A message left with Fenton's office was not immediately returned. The University of Colorado's website identifies her as the medical director of the school's Student Mental Health Services.

Casmir Spencer, a spokeswoman for the Arapahoe County District Attorney's office, said she could not comment.

The package was seized by authorities on Monday after it was discovered in the mailroom at the University of Colorado, Denver. It's unclear if it was sent before the attack at the July 20 midnight showing of "The Dark Knight Rises" that left 12 dead and dozens of others injured.
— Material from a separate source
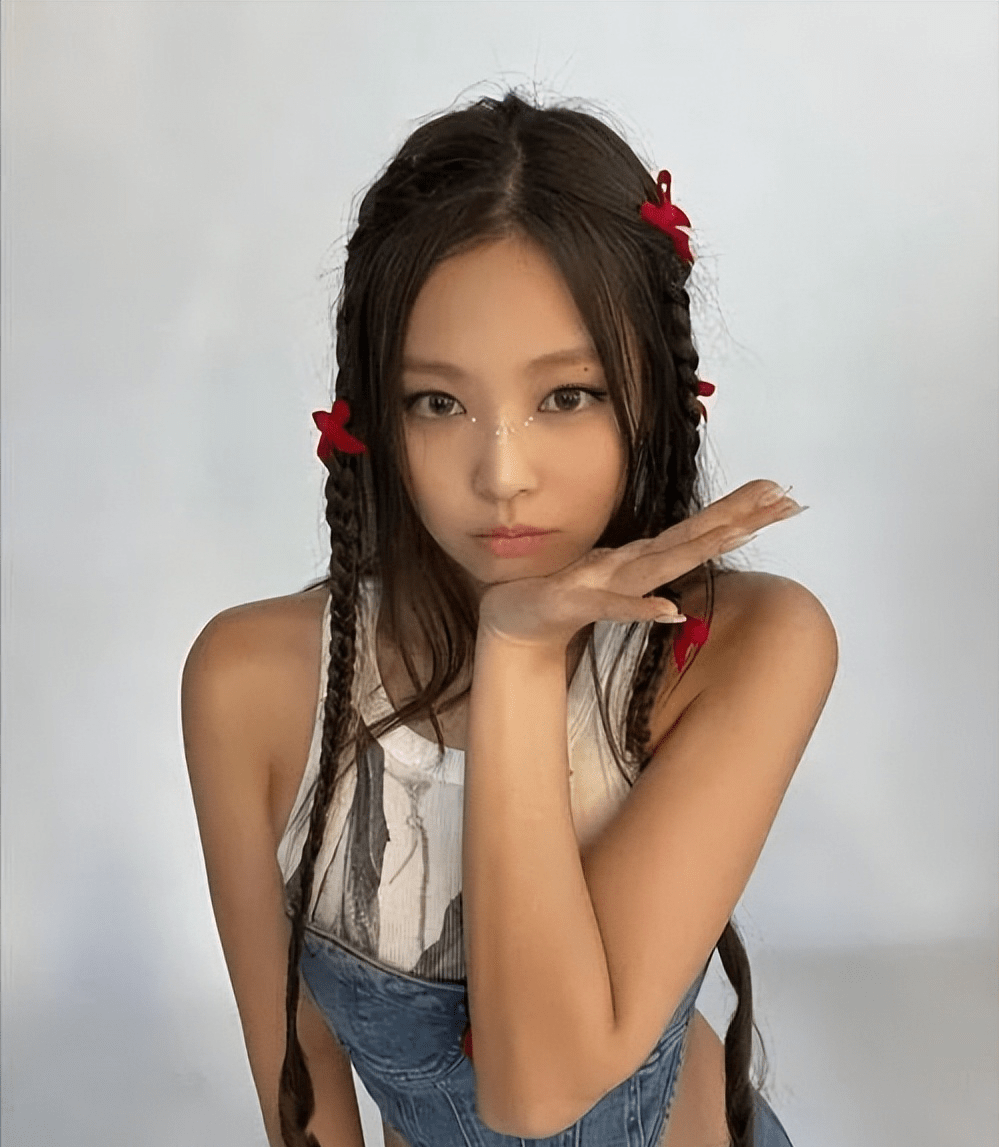 时隔五年妮妮的又一固定综艺,jennie新综艺录制路透_节目_嘉宾_公寓
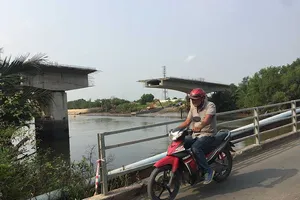  ‘Đoạn trường’ xây cầu, kè Phước Lộc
Authorities said Holmes legally purchased four guns before the attack at Denver-area sporting goods stores - a semiautomatic rifle, a shotgun and two pistols. To buy the guns, Holmes had to pass background checks that can take as little as 20 minutes in Colorado.

State law bars from purchasing firearms people who have been found mentally defective by a judge or have been committed to a mental institution. The statute makes no restrictions on buyers who are being treated for possible mental illness.

Holmes spent a year as a graduate student in the university's intimate, competitive neuroscience program before dropping out without explanation three days after taking a year-end final, university officials have said.

They have refused to disclose more about Holmes, citing the judge's gag order on law enforcement agencies.

At a press conference earlier this week, they acknowledged that students in the program that Holmes studied in are carefully monitored. They said a graduate student experiencing problems would normally be referred to student support services.